Anais, de 26 años, aboga por la eliminación del Monumento a la Emancipación con un hombre que desea conservarlo, en Lincoln Park, Washington DC, Estados Unidos.

El Monumento a la Emancipación muestra a Lincoln sosteniendo la Proclamación de la Emancipación en una mano, con la otra sobre la cabeza de un hombre negro con taparrabos, arrodillado a sus pies. Los críticos argumentan que la estatua es paternalista, degradante en su descripción de los estadounidenses negros y que no hace justicia al papel que jugaron en su propia liberación. Quienes están en contra de la remoción dicen que es una descripción positiva de las personas liberadas de los grilletes de la esclavitud y que la remoción de esos monumentos puede equivaler a borrar la historia.

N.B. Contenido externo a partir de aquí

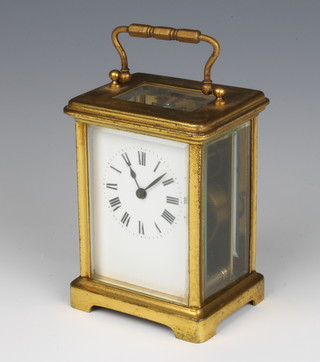 A 19th/20th Century 8 day carriage clock with enamelled dial and Roman numerals contained in a gilt metal case  11cm h x 8cm w x 6.5cm d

El impulso para quitar la estatua se produjo en medio de una ola de llamados para derribar los monumentos de los generales confederados en todo el país, una medida muy bien recibida por los activistas del movimiento Black Lives Matter, que ven a los monumentos confederados y otros como recordatorios de una historia opresiva. Piden una explicación más honesta de la historia de Estados Unidos. Los funcionarios erigieron barreras alrededor del Monumento a la Emancipación antes de las manifestaciones.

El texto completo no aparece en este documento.